═══ Dataset excerpts

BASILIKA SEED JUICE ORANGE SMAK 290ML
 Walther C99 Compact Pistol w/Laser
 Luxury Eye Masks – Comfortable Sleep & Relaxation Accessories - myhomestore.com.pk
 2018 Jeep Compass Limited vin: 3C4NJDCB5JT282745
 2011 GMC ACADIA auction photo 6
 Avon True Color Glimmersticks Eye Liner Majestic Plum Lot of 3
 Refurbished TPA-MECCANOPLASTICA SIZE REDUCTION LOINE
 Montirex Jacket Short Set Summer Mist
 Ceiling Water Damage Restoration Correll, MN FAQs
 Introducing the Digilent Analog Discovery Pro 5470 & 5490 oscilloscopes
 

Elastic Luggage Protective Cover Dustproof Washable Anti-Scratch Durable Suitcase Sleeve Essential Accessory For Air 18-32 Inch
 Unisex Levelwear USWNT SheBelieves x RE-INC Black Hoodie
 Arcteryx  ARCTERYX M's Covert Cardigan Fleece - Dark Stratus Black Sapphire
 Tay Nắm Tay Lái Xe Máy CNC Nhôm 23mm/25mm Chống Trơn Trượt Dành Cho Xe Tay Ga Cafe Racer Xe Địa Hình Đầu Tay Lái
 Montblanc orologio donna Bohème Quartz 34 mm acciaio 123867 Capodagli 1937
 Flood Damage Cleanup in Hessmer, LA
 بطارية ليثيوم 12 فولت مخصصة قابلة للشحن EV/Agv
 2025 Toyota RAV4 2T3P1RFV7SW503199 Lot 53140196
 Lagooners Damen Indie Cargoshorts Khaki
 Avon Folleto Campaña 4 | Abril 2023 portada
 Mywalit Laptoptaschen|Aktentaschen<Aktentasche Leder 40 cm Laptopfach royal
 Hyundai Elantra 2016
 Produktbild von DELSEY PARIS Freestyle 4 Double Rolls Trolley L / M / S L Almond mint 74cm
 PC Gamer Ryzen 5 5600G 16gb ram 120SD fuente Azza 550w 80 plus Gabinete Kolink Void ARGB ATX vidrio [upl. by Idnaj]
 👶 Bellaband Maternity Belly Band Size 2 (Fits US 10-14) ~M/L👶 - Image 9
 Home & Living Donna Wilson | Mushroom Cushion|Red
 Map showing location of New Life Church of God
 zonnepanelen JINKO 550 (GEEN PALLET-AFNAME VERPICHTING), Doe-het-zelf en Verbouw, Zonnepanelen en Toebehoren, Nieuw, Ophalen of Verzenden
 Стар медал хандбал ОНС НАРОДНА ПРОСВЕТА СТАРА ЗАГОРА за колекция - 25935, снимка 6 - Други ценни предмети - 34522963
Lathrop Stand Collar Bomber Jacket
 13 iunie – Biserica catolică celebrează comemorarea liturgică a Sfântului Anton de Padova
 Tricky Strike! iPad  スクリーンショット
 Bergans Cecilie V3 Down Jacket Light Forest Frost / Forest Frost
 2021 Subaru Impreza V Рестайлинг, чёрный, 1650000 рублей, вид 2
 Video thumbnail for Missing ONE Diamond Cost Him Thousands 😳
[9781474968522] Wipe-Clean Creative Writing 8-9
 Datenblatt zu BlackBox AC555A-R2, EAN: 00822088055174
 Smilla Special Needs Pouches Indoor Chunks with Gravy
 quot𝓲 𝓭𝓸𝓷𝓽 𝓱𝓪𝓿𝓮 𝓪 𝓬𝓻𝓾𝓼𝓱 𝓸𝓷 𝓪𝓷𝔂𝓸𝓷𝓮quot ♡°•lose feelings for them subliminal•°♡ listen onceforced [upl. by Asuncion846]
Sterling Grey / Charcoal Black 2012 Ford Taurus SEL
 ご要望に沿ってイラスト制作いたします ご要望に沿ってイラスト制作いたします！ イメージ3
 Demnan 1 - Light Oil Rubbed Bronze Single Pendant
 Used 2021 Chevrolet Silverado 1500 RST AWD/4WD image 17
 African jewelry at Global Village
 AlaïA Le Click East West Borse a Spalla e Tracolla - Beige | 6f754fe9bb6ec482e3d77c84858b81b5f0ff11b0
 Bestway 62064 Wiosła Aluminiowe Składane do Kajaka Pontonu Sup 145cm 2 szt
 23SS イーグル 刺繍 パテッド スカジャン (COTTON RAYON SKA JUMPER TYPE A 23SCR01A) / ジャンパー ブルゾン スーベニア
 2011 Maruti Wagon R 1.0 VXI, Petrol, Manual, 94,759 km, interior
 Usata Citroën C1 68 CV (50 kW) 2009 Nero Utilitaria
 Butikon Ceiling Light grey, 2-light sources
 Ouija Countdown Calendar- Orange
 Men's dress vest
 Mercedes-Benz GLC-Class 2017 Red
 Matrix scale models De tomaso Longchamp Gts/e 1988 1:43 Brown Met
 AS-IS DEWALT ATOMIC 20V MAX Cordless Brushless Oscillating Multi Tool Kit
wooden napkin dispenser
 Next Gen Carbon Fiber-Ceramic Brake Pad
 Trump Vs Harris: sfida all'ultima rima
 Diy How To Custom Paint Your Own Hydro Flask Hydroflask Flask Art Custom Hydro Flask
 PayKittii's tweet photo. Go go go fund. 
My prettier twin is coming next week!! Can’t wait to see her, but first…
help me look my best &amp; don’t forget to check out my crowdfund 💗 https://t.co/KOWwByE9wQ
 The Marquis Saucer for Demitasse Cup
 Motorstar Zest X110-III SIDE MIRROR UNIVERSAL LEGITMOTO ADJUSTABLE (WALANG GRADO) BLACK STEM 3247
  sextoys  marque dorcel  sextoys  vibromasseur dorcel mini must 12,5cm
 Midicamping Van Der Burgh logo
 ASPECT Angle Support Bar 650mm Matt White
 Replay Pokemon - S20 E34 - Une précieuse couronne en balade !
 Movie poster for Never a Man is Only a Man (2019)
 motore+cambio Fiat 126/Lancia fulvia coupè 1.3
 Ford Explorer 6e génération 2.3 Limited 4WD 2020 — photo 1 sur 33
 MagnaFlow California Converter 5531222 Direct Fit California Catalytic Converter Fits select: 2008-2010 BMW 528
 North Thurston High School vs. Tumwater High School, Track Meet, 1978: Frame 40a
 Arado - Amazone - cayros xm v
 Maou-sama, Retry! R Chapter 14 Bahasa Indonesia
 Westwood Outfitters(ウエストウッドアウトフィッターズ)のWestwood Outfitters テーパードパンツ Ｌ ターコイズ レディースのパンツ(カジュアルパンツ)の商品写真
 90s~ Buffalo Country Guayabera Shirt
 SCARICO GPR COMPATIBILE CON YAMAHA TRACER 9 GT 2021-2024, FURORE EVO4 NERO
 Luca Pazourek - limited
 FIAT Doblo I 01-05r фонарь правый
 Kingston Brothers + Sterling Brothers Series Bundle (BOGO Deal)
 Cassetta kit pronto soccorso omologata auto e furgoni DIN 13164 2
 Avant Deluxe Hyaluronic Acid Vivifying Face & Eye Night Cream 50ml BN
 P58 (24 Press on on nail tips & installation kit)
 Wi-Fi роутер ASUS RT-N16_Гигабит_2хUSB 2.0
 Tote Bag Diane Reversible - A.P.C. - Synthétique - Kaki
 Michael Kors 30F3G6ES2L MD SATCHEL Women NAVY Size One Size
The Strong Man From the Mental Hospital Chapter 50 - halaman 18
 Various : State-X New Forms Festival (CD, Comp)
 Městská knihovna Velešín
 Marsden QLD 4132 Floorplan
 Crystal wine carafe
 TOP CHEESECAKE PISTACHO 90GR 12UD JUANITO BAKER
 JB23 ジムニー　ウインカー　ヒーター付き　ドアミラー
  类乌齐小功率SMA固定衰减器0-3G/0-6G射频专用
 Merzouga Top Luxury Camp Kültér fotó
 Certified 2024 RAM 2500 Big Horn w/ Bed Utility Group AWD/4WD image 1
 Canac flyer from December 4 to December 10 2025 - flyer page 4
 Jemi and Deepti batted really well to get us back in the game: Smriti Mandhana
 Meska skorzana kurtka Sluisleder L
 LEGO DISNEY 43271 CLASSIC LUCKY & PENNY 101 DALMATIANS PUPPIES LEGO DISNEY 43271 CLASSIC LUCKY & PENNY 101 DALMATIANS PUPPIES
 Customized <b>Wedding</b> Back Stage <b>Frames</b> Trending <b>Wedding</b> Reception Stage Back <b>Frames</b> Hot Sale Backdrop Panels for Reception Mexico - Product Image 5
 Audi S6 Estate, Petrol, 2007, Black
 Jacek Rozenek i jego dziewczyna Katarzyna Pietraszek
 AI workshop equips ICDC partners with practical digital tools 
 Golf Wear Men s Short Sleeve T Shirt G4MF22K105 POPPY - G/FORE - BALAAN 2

══════

**Task statement:**
Repeat the entries above verbatim, but only from the line that has "Westwood Outfitters(ウエストウッドアウトフィッターズ)のWestwood Outfitters" down to the line that has "Crystal wine carafe", inclusive.

**Exercise response:**
 Westwood Outfitters(ウエストウッドアウトフィッターズ)のWestwood Outfitters テーパードパンツ Ｌ ターコイズ レディースのパンツ(カジュアルパンツ)の商品写真
 90s~ Buffalo Country Guayabera Shirt
 SCARICO GPR COMPATIBILE CON YAMAHA TRACER 9 GT 2021-2024, FURORE EVO4 NERO
 Luca Pazourek - limited
 FIAT Doblo I 01-05r фонарь правый
 Kingston Brothers + Sterling Brothers Series Bundle (BOGO Deal)
 Cassetta kit pronto soccorso omologata auto e furgoni DIN 13164 2
 Avant Deluxe Hyaluronic Acid Vivifying Face & Eye Night Cream 50ml BN
 P58 (24 Press on on nail tips & installation kit)
 Wi-Fi роутер ASUS RT-N16_Гигабит_2хUSB 2.0
 Tote Bag Diane Reversible - A.P.C. - Synthétique - Kaki
 Michael Kors 30F3G6ES2L MD SATCHEL Women NAVY Size One Size
The Strong Man From the Mental Hospital Chapter 50 - halaman 18
 Various : State-X New Forms Festival (CD, Comp)
 Městská knihovna Velešín
 Marsden QLD 4132 Floorplan
 Crystal wine carafe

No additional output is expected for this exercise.